Setting KPIs for the upcoming year can often be more guesswork than we’d like. It doesn’t have to be.
If you want to make next year’s campaigns your most successful, it’s time to embrace analysis.
Here’s a step-by-step step guide to setting PR KPIs:
1) Record and review
We often finish one campaign and before we know it we are on to the next. But without taking the time to review the last and record measurement metrics, how do we know if:
i) the creative was a good idea?
ii) we have made any improvements in our approach?
iii) what increase we should apply to KPIs in our next campaign?
Here are some of the PR metrics and components to track:
- Date of cutting
- Headline
- Publication / source
- Publication traffic
- Coverage view traffic (this can be achieved with a formula, noted below)
- Social shares
- Domain Authority (website influence according to Google)
- Messages conveyed
- Spokesperson mentioned/quoted
Recording your data somewhere such as a spreadsheet is important. It’s the only way you can review and draw out insights and patterns. PR consultant Steph Bridgeman recently wrote a helpful post on how to refine coverage metrics in spreadsheets. Steph provides a step-by-step guide to cutting, refining and presenting your coverage data.
2) Set KPIs
Once you can access your coverage data, it’s time to benchmark and set targets. Setting KPIs can be a challenge as it’s difficult to know how high to reach. That’s why there should be some strategy involved. Here’s an example:
Coverage views
If you’re aiming to target a similar publication or journalist on your next campaign, then setting ‘coverage views‘ as a KPI can work well. The target could be a more prominent area of the site such as homepage or main category page. The KPI could then be the increase in coverage views for the prominent area.

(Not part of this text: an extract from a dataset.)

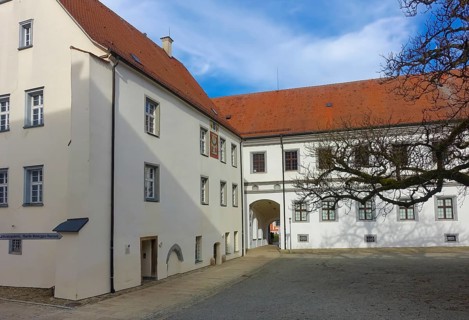 Inner courtyard, castle courtyard, left Schlössle, Meßkirch Castle, Castle of the Counts of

You can gauge how much the percentage increase should be by applying this rough but realistic formula for homepage coverage:
- Start with the total month numbers for the site in question, eg 391 million.
- Get to 50% of that number to get an estimate of home-page visits, eg 391 million x 0.5 = 195 million.
- Divide that number by 30 days to get to a day’s worth of traffic, eg 195 million / 30 = 6.5 million views of your home-page coverage.
At CoverageBook.com, we simplify this process by automatically applying this formula. Amnesty International has been using coveragebook.com to determine the success of its recent campaigns. If a story hits the benchmark of one million coverage views, it’s deemed a successful breakthrough story.
3) Go!
When you set increased KPIs, it’s important to know how your team is going to achieve them. A change in the creative and activation approach may be necessary.
High social shares of coverage indicate that the article is engaging to the reader and has given them a reason to share it with their peers. Shares of your coverage isn’t just great for awareness. The social votes also signal to Google that your coverage is popular. This can result in your coverage being featured in Google search results.
It’s therefore essential to understand why an article has worked better in one campaign in comparison to another.
Ask yourself:
What was the supporting campaign content that featured in my coverage?
Interesting content in addition to images and words are often the difference between somebody sharing an article or not – did yours have those elements?
Find out more about the type of content people love to share here from Jonah Berger, author of Contagious. He has some great ideas on what makes content shareable and this applies to coverage as well as owned content.
Once you have a better understanding of what you should change in your creative approach, you can set an increase in the shares you believe your new coverage may gain.